At first, he hires a consultant for a few one-off gigs. However, then he's paying someone $200[1] an hour, typically with 8-16 hour engagements. After getting sick of that cost, and still lacking any kind of long term caring about his product, he comes to our team, and hires us to be his DBA, albeit remotely.
Business as a DBA is booming. Nobody thinks they need a DBA, but the reality is that you really can't afford to not have a DBA. We have customers coming on board with no backups, no high availability plans, no disaster recovery plans, queries that are performing cartesian products (and thus taking minutes against very small datasets), and no monitoring. (And yes, a good portion of users come to us while using the "solution" proposed by the OP (like AWS RDS), for many the same problems.)
We set them up with comprehensive backups, automated failover solutions, and 24x7 monitoring. Suddenly, their DB is no longer the primary source of downtime. They're no longer loosing customer engagement because their frontend takes seconds to render. They're no longer in the position of loosing their entire company because some junior developer accidentally dropped their users table in production.
In short, DBAs are a required part of your business, if you're using a database. You just haven't been burned bad enough by a poor database setup to realize it.
[1] Actual hourly rates for a planned engagement. Emergency rates are closer to $450 an hour. Why so much? You can't get a DBA from a college, from a technical school, or from any other form of formal education. Most DBAs these days are grown internally from developers or system administrators who decide to (or are forced to) specialize while on the job. There are single-digit thousands of us world wide, and we're in high demand.

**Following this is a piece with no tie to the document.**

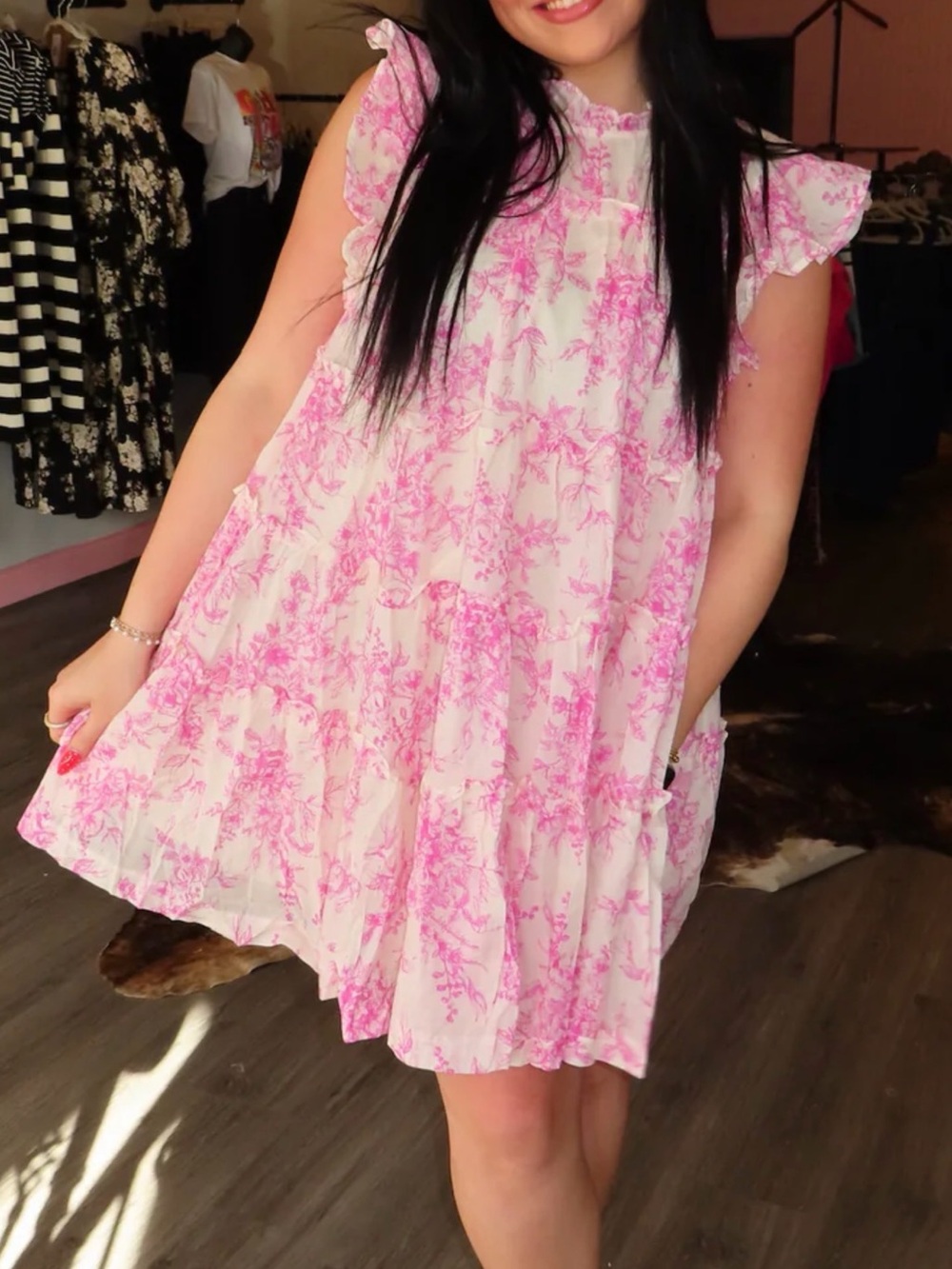 Girls Pink Floral Tiered Ruffle Dress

So perhaps the role of the DBA isn’t necessarily dead, it’s just moved
to its new home at the datastore-as-a-service provider. The successful
DBA will understand that this new world means handling petabytes of
data and billions of operations on thousands of logical databases.

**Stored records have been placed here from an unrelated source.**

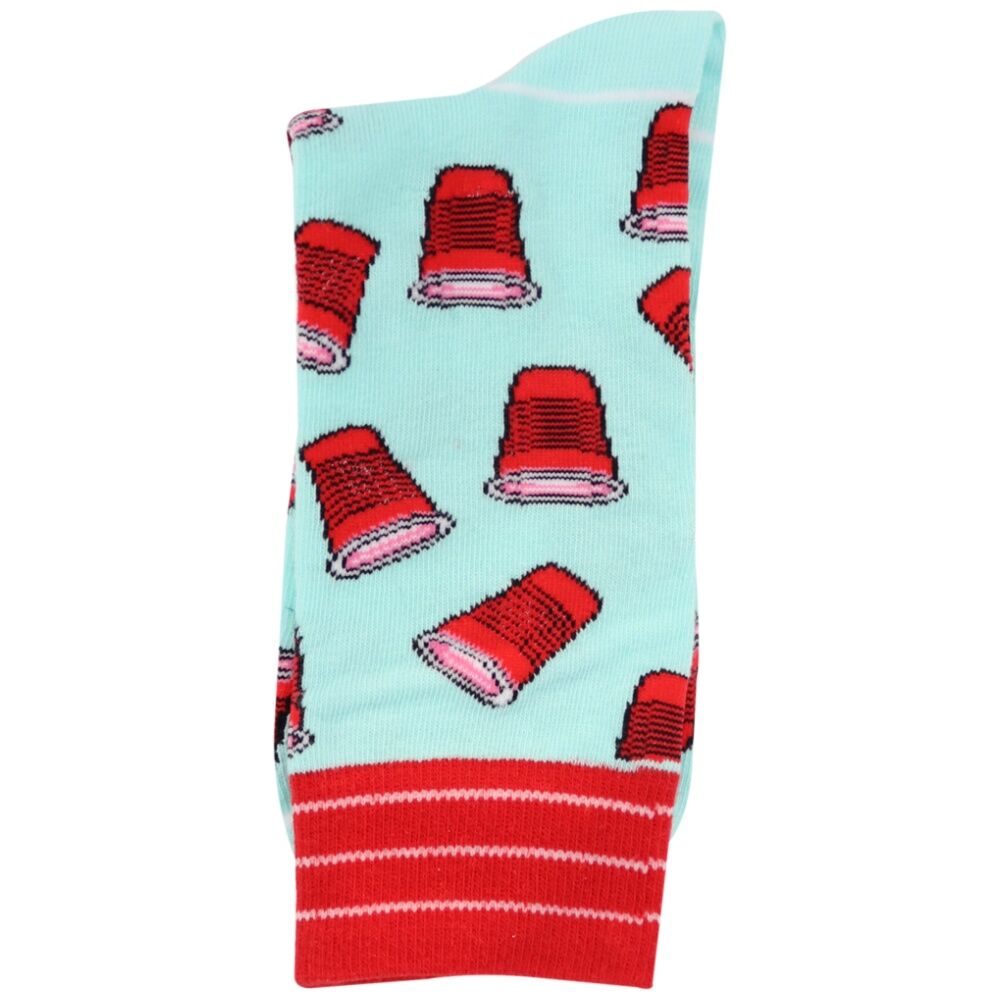 6PK Mister Soda Socks Mens Casual One Size Cotton Sea Green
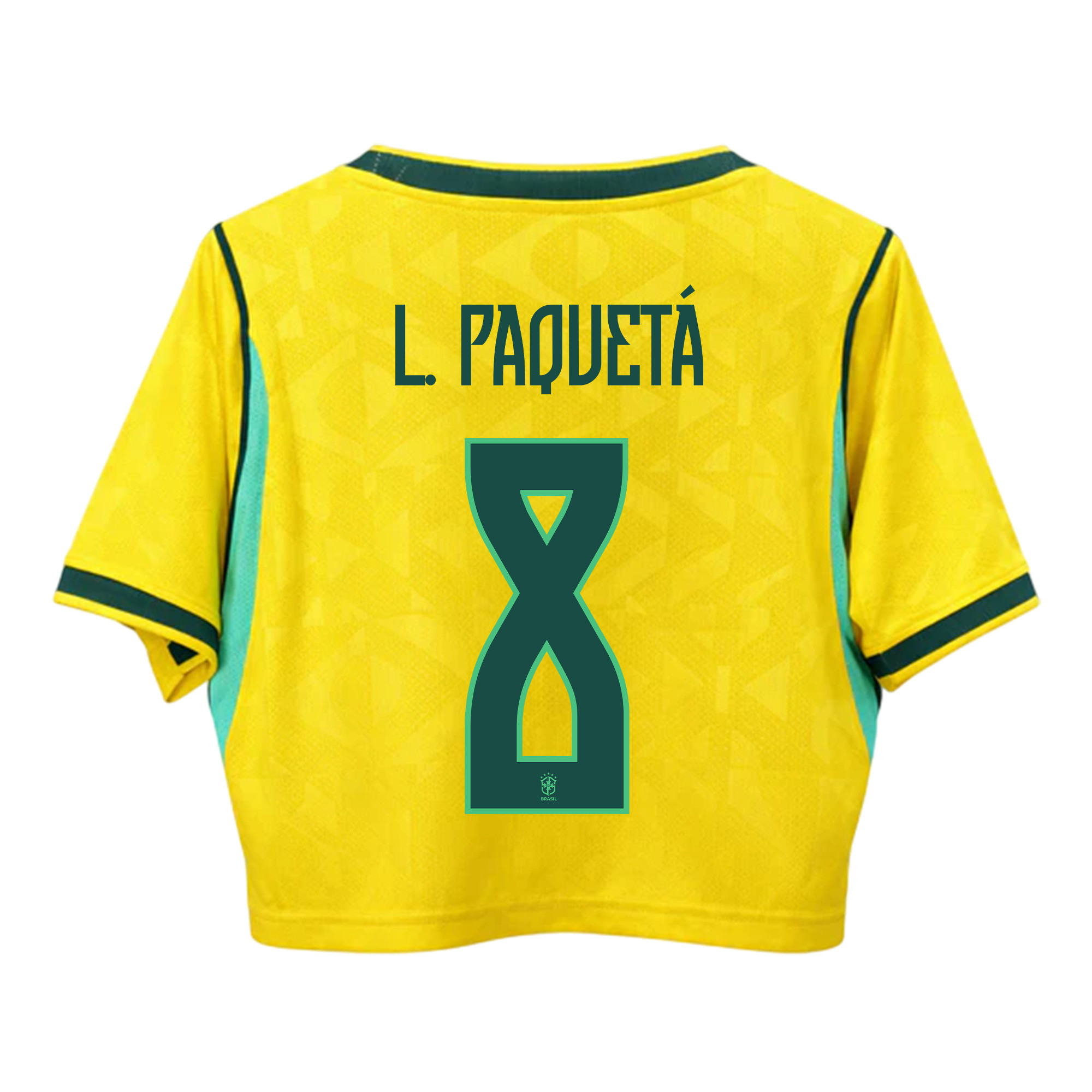 Lucas Paquetá 8 Brazil 2026 Home Women’s Cropped Jersey - Yellow - Jersey Teams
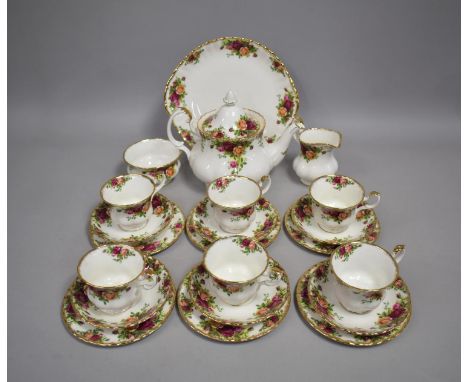 A Royal Albert Old Country Roses Tea Set to Comprise Teapot, Six Cups, Six Saucers, Six Sideplate, Cake Plate, Milk Jug and S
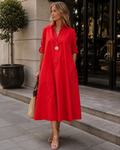 Charlotte Women's A-Line Midi Dress – Button-Down Long Sleeve Casual & Office Dress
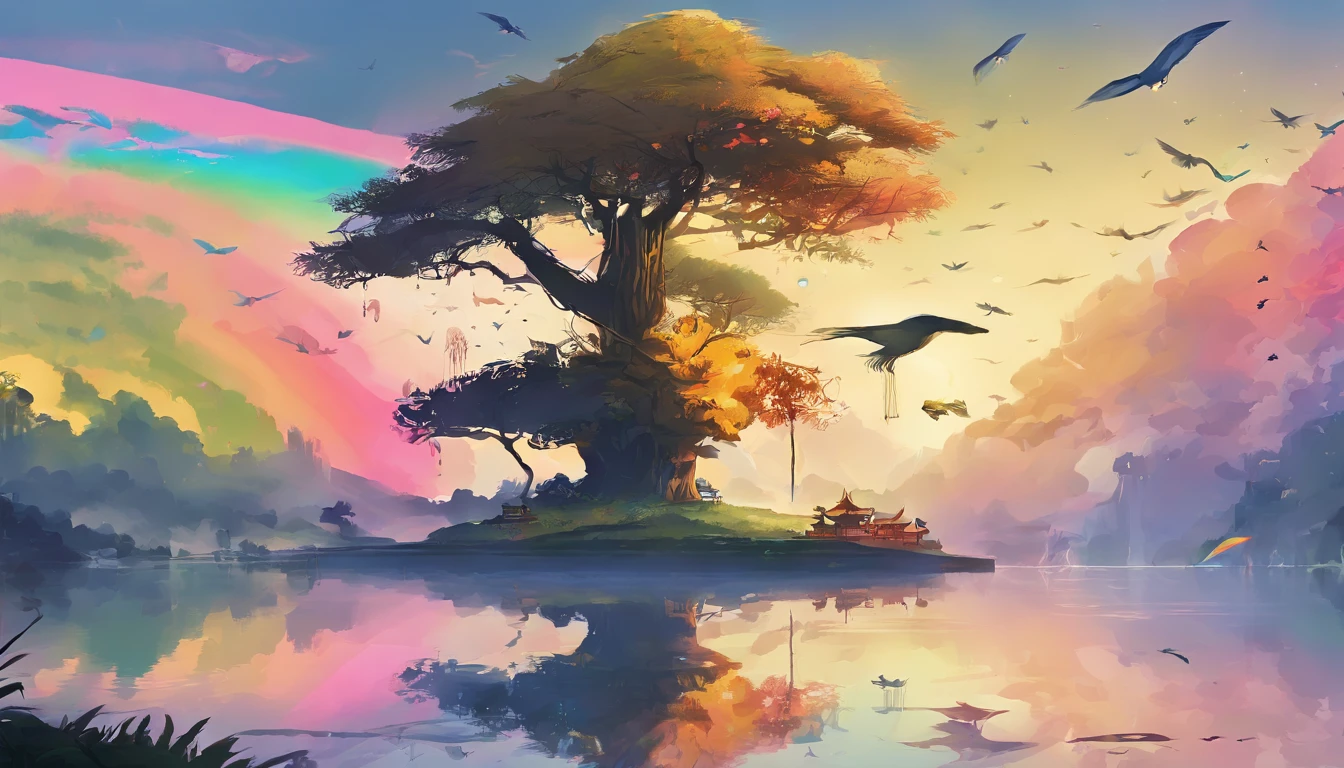 ((A rainbow appears in the sky after the rain)),baiyun, after rainny, Calm lake, inverted image, The outline of the tree, Birds fly, freshen, magical, Beautiful natural landscape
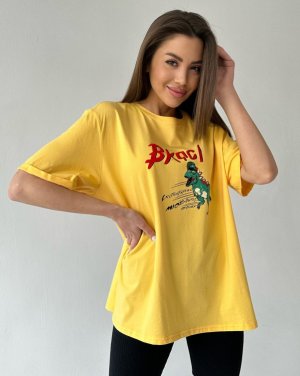 Жовта оверсайз футболка з молодіжним принтом - 8542805 - SvitStyle
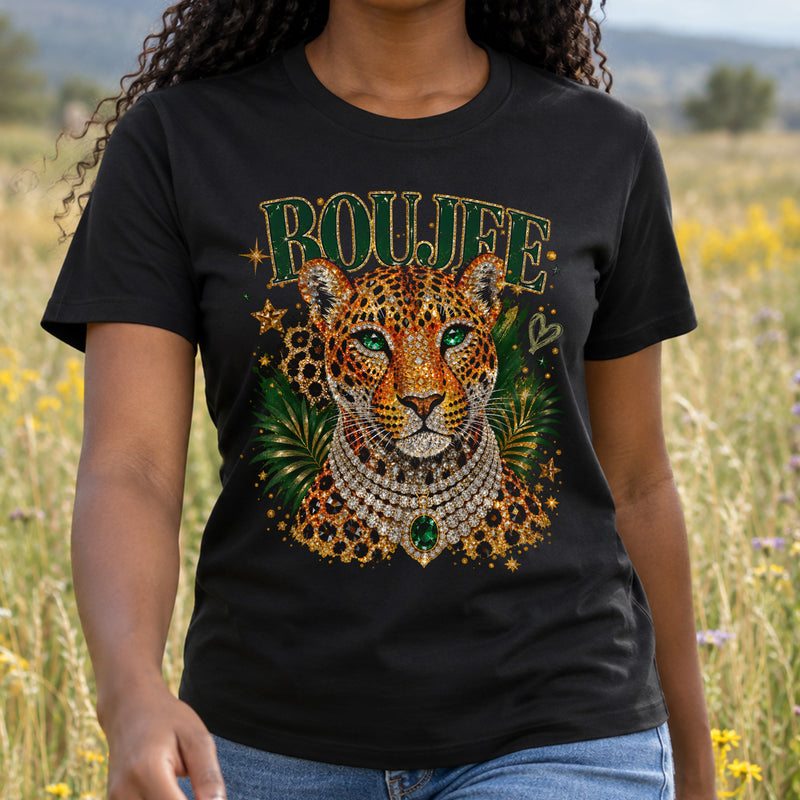 Emerald Boujee Leopard: Beaded Diamond Necklace & Emerald Crown - DTF Transfer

They will cope with less mature database technologies in increasingly
difficult workload environments. They will automate or die.
Long live the DBA.
The whole post was making the exact same point as you in the end, the author actually runs a datastore-as-a-service business.> The successful DBA will understand that this new world means handling petabytes of data and billions of operations on thousands of logical databases.
is untrue. Most of our customers have DBs that are in the GB size. A few have TB size DBs, and none are on that scale.
datastore-as-a-service doesn't replace DBAs - we make good money being remote DBAs for people who are using datastore-as-a-service providers, because they still run into the same problems as everyone else.
I wish our DBAs were like that. I am a developer with Sublime Text. I have to make the queries fast. I have to design good indexes.
They can complain if a query is slow, but they never actually help to fix it. They only have to make and restore backups when disks die.
Sorry to hear it, either way.
> You can't get a DBA from a college, from a technical school, or from any other form of formal education. Most DBAs these days are grown internally from developers or system administrators who decide to (or are forced to) specialize while on the job.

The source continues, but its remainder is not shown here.